Information supplied:
__________

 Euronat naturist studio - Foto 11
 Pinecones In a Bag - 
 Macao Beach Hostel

__________

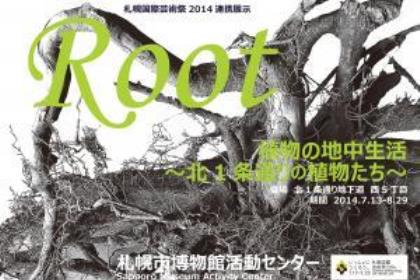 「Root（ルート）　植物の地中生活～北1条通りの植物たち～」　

__________

What is being asked: Exactly the lines above from the one with "Euronat naturist studio - Foto 11" to the one with "Macao Beach Hostel", both included, are to be quoted; leave the rest out.

Result:
 Euronat naturist studio - Foto 11
 Pinecones In a Bag - 
 Macao Beach Hostel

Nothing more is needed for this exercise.